Here are a couple thoughts:
Dropped Packets Suck in the Data Center!
Whether it is from oversubscription or a microburst in the network, dropped packets in large suck. This problem is only going to get worse as we increase the speeds of the networks. Are you aware that on a 10Gb Ethernet link, that a single second of dropped packets will spew ~15M packets onto the datacenter floor. Worse yet is that we are in an era of now 40Gb ethernet and soon to be 100Gb Ethernet. Yes that math is correct that a single second of impediment on 100Gb ethernet would throw away 150 million packets (assuming the smallest frame size). I don’t care what application you are using if you lose 150M packets, the user experience is going to be bad.
This makes me ask the question, why would you ever build a datacenter network that is massively oversubscribed? You could suggest that you are playing the economics game…explain that to your CIO when the #1 revenue producing application is down. You could also hypothesize that it is only oversubscription if everyone talks at the same time…which I understand. The premise that I am suggesting is that we should never build a network that works “in a perfect world.” Believe me I have seen some of the finest pieces of powerpoint engineering that in practice fail worse than Ben Affleck and Gigli did in 2003.
Dropped packets decrease the user experience!
In a world that demands instant customer satisfaction from our applications, we can’t afford to drop packets in the data center. Akamai did a study in 2009 that says the new average for loading a page was 2 seconds. Worse yet 40% of the users at that time said they would abandon a page that took longer than 3 seconds to load. Gartner claims that by 2014, 80% of the datacenter traffic will be east/west. I once again ask the question, if this is true, why would you build a data center network that is highly oversubscribed for intra data center traffic?
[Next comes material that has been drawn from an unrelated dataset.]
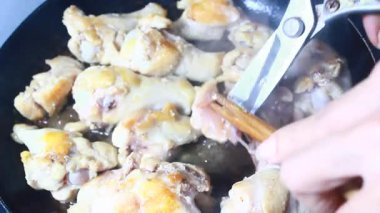 Tavada kızarmış tavuk.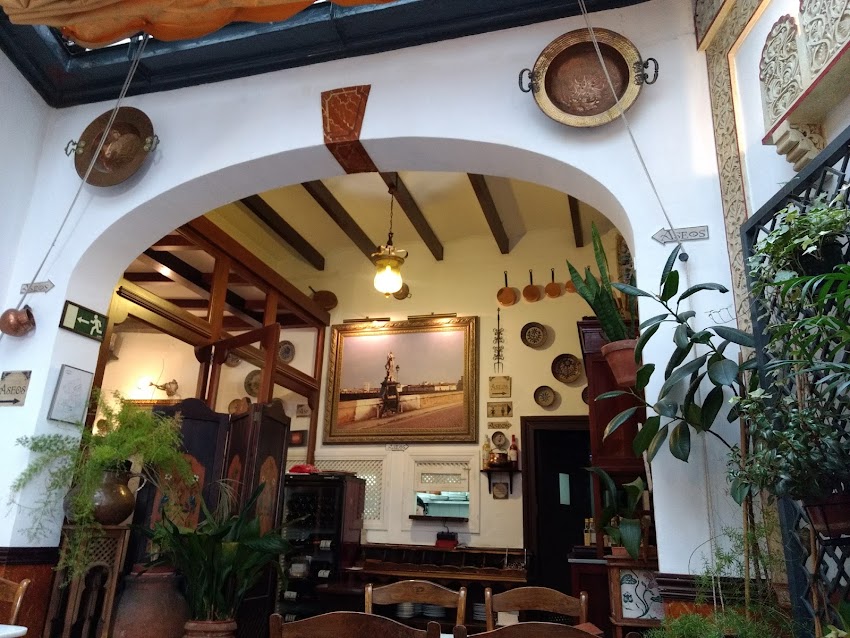 Taberna Salinas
I was responsible for a legacy application in my previous life that made 1200 one way trips to put away data in a database. Can you imagine the impact that dropped packets would have on this performance? To make matters worse, the application had to perform flawlessly to be any where near a 5 second threshold that we had set for the entire application (of which our piece was a smaller portion).
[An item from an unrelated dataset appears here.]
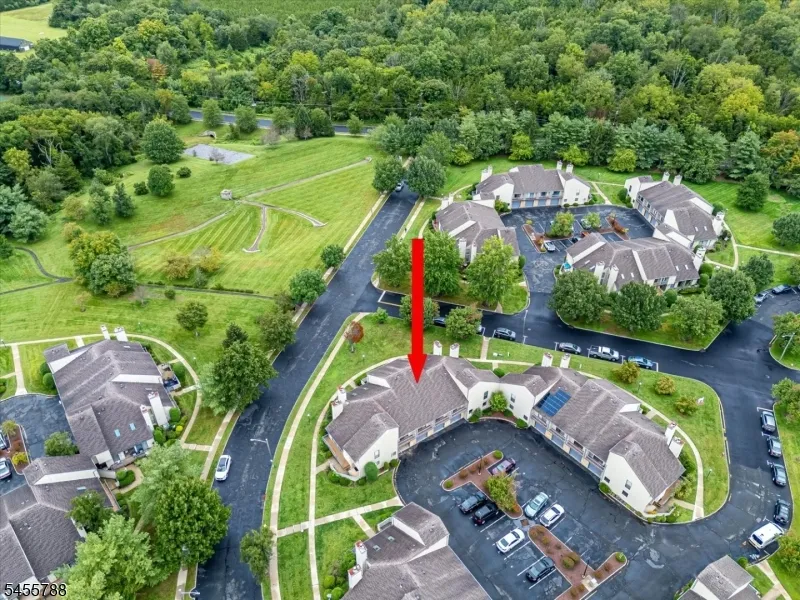 59 Woodhill St Franklin, NJ 08873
Anyone that is working in the modern enterprise with any type of legacy applications and a service chain that can be a mile long knows exactly what I am talking about. The truth of the matter is that the business applications struggle to meet the SLA metrics when everything works perfect…so again, why build a data center network that is highly oversubscribed and likely to drop packets?
There is good news!
The good news is that with standards and modern advances in silicon and signaling, we don’t have to live in the dark ages of data center network architecture. We can in fact build a completely non-blocking architecture that scales to 000’s of physical servers and even more virtual servers. As I dive back into the networking world, I am impressed with the advances that have been made in the hardware capabilities. I am suggesting that the architectures need to evolve to take better advantage of these hardware capabilities. Certainly the differentiation will come in the software space and the integration of this software into the business and data systems. You can call it what you would like – a fabric, a two-tier architecture, leaf/spine – it doesn’t matter. What does matter is that you move with speed needed to stop dropping packets in the data center.
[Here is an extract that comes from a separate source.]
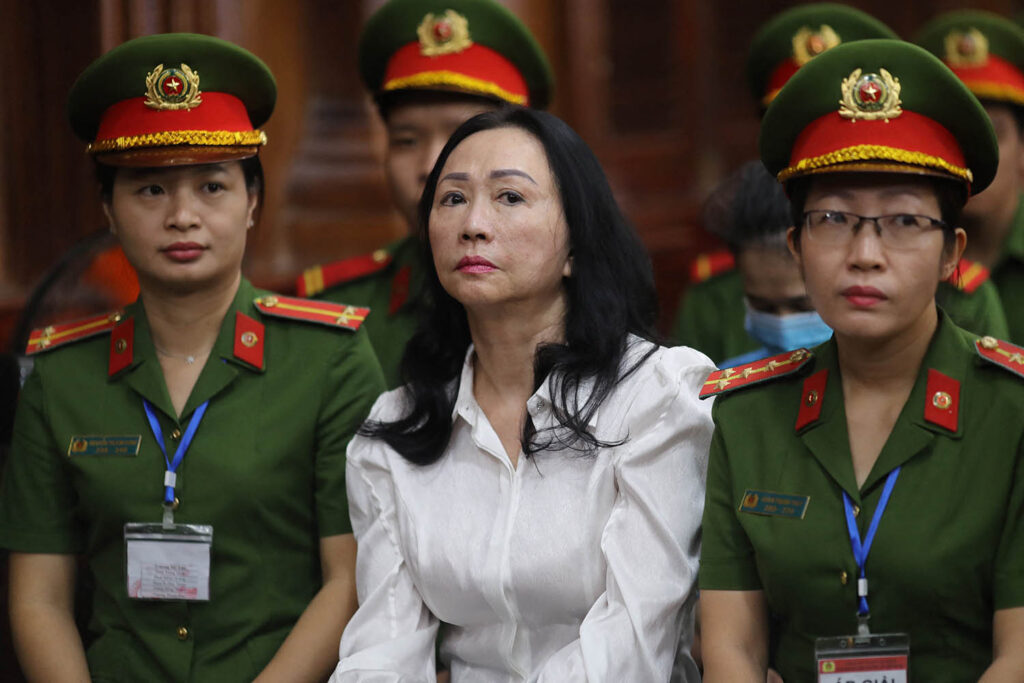 Vietnam court sentences embezzler to death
Let’s face it – the application and data teams just expect the network to work. I will argue that the network is the furthest thing from a commodity in any enterprise. Just ask any CIO how much work gets done when the network is down. BUT we have to evolve our architectures to fulfill the current and future business needs…and I am suggesting that we can start by architecting solutions that don’t drop packets even during the highest periods of business need! The technology, products, and standards are there…remember 150M packets is just the start…what happens as speeds move to the Terabit range?